Bitter forced back the sob that threatened to accompany her words. “I’m so sorry, Eddie. I wish we could’ve done more for him.” She didn’t know if Eddie knew how she had failed at making Vengeance save Mr. Nelson, but she couldn’t help feeling guilty. Eddie had taken her to this man’s house and then Bitter had called an angel and now, Eddie would never smile with Mr. Nelson in his kitchen again.

Eddie shrugged, a spasm of pain crossing her face. “It’s war, right? People get hurt. People die.”

Bitter wanted to ask how his wife was doing, how Eddie was doing, but Eddie wasn’t quite meeting her eyes.

“Yuh okay?” Bitter asked. Eddie nodded and twisted her hands but still didn’t look at Bitter.

“You were right back then, you know,” she said, changing the subject abruptly. “Not about me resenting you, but that we live in different worlds. It wouldn’t have worked out.”

Bitter frowned. “Why yuh bringing that up?”

“To explain,” Eddie answered. “Why I don’t think we can be friends, not really.”

A pang of hurt shot through Bitter. She should’ve known. Eddie had lost too much and Bitter had made things worse and now she was losing Eddie again. “Look, I know the whole angel thing was my fault, but I was—”

“Nah, it’s not even that.” Eddie let her hands fall still. “You were trying to help, B. I know that.” She let out a sigh and looked away. “It’s because you’re not Assata.
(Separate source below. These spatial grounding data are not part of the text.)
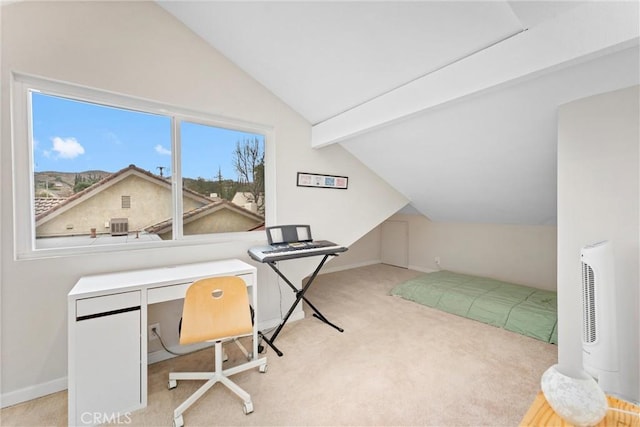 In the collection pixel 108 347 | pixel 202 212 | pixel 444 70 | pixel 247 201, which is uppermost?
pixel 444 70

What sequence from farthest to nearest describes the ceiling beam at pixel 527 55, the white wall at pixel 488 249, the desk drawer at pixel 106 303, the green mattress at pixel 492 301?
the white wall at pixel 488 249, the green mattress at pixel 492 301, the desk drawer at pixel 106 303, the ceiling beam at pixel 527 55

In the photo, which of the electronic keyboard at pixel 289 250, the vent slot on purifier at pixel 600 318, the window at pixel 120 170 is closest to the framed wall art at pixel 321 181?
the window at pixel 120 170

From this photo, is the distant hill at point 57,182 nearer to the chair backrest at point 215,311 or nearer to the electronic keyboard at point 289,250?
the chair backrest at point 215,311

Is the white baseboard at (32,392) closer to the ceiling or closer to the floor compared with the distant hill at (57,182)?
closer to the floor

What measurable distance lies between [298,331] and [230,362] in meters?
0.77

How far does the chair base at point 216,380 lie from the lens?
164 cm

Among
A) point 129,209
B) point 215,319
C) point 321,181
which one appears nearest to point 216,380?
point 215,319

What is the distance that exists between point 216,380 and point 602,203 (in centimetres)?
279

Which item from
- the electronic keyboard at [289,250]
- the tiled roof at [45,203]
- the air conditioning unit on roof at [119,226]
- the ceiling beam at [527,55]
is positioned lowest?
the electronic keyboard at [289,250]

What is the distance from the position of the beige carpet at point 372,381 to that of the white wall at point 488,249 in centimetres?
157

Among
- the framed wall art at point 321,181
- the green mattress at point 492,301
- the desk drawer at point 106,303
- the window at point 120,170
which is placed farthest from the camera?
the framed wall art at point 321,181

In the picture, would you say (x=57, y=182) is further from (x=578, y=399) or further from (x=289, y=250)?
(x=578, y=399)

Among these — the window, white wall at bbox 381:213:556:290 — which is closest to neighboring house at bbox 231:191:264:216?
the window

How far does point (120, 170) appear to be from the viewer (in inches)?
89.4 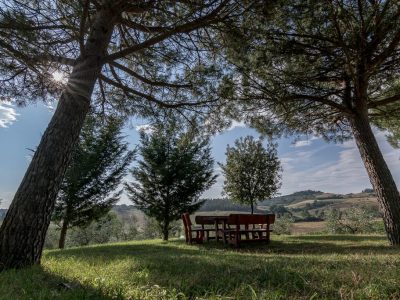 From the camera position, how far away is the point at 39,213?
381 centimetres

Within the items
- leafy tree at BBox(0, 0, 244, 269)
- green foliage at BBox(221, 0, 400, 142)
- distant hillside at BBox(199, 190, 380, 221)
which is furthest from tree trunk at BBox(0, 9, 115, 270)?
distant hillside at BBox(199, 190, 380, 221)

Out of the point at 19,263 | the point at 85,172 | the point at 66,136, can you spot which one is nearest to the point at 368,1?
the point at 66,136

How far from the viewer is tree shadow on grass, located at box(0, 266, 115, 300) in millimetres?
2348

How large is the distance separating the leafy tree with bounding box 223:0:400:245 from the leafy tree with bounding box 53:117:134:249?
26.1 feet

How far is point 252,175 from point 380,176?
461 inches

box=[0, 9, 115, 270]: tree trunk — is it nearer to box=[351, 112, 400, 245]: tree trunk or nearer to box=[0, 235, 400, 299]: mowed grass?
box=[0, 235, 400, 299]: mowed grass

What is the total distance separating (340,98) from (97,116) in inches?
269

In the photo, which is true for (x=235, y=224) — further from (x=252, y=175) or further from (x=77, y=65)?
(x=252, y=175)

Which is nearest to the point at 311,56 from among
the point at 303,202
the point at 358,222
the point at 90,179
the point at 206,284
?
the point at 206,284

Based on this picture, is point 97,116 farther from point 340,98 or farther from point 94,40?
point 340,98

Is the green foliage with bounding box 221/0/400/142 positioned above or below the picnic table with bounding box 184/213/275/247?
above

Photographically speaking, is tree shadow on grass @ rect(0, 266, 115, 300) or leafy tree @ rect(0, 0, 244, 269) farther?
leafy tree @ rect(0, 0, 244, 269)

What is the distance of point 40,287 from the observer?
107 inches

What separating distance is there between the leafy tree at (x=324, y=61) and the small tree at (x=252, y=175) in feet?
34.2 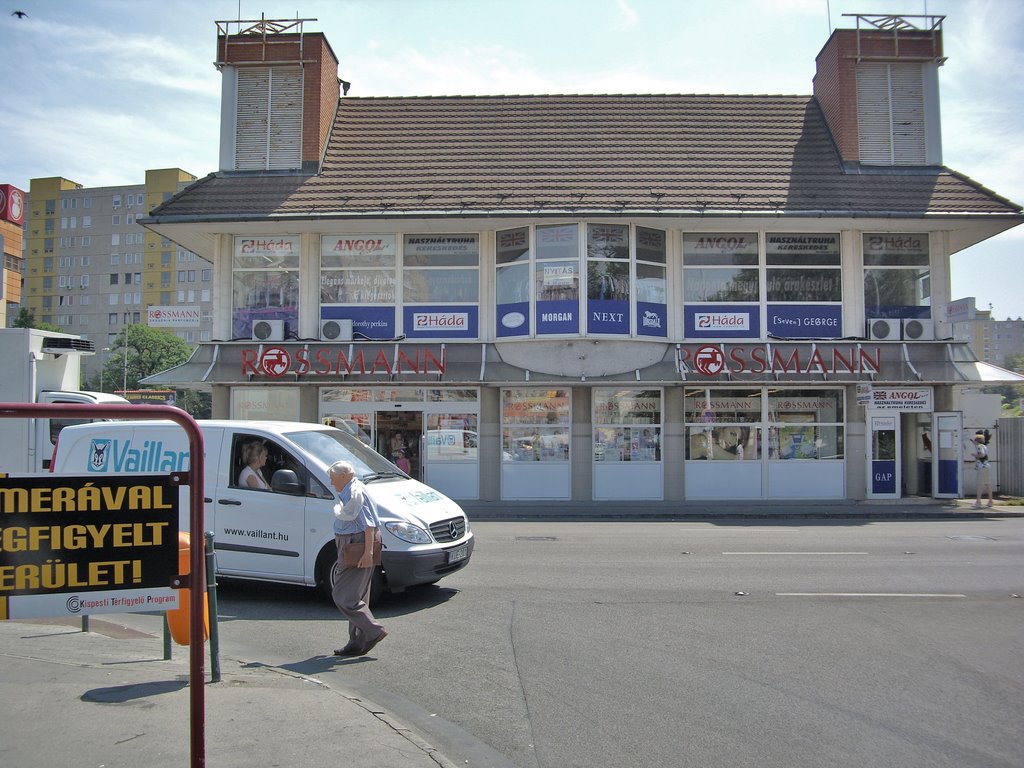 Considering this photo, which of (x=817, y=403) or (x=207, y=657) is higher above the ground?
→ (x=817, y=403)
I just—I need to be around people who know what it’s like, especially now. It helps me feel less lonely. I didn’t talk to you earlier because you wouldn’t get it, how it feels to be out there, what the costs are, all that shit. And it’s not your fault—you don’t have to. I just … I just need to be around people like me.”
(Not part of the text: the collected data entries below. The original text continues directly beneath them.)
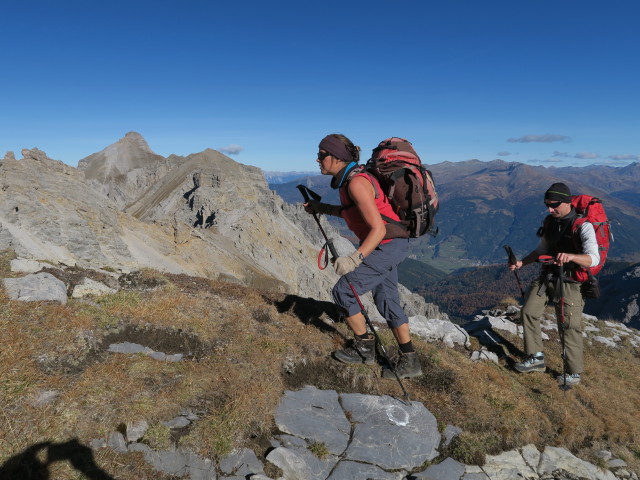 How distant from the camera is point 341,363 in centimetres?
838

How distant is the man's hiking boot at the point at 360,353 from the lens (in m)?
8.34

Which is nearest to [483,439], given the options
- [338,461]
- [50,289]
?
[338,461]

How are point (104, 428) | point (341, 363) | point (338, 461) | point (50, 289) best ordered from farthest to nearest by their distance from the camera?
1. point (50, 289)
2. point (341, 363)
3. point (338, 461)
4. point (104, 428)

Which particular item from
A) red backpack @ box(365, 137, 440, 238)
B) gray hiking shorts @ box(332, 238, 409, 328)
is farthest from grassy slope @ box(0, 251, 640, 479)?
red backpack @ box(365, 137, 440, 238)

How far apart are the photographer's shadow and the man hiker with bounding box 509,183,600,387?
9.11 meters

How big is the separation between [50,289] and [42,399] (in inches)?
163

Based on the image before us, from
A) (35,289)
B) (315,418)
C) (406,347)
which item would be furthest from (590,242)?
(35,289)

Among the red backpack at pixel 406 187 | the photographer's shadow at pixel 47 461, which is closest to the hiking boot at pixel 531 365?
the red backpack at pixel 406 187

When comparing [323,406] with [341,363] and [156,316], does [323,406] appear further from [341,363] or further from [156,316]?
[156,316]

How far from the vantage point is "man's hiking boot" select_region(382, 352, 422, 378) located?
8.09 meters

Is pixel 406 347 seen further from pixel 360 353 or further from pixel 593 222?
pixel 593 222

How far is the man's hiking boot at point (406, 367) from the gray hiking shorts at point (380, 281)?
0.83 metres

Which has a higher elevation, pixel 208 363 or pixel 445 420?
pixel 208 363

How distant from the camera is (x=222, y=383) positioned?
691cm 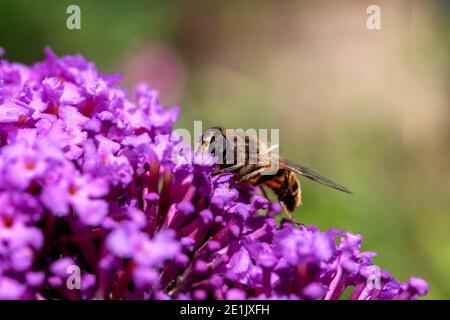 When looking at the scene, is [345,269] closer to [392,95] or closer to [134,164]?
[134,164]

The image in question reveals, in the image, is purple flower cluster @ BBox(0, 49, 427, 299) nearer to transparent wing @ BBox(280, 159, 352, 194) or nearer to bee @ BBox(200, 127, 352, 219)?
bee @ BBox(200, 127, 352, 219)

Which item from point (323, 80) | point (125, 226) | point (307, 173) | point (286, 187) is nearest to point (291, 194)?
point (286, 187)

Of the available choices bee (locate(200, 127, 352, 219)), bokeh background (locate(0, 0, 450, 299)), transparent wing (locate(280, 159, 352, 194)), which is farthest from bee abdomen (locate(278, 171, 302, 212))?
bokeh background (locate(0, 0, 450, 299))

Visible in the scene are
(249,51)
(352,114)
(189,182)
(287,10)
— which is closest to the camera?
(189,182)

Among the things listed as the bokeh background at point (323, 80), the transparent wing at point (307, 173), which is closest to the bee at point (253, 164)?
the transparent wing at point (307, 173)

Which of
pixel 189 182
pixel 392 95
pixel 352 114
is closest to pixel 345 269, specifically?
pixel 189 182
Bitter didn’t know what to say. She’d been out there, with the angels running wild, and she’d paid costs too, but Eddie seemed to be talking about something different. The words should have hurt way more than they did, but there was so much pain inside her that this particular rejection wasn’t registering the way she’d expected it to. Maybe there was only so much pain a heart could process at once, and now she was too numb to fight for her friend. Or maybe, there was nothing left to fight for, nothing she could give Eddie that would make Eddie feel safe and seen. “So yuh girlfriend, she’s Assata?” All Bitter could remember was Eddie describing her as a baking and gardening type.

“Malachite? Yeah, she used to be. Like Alex. Tapped out a couple of months ago, but she knows what it’s like.” A semblance of light returned to Eddie’s face. “We’re gonna go out to this community farm she’s setting up for the Elders and anyone who needs to tap out.”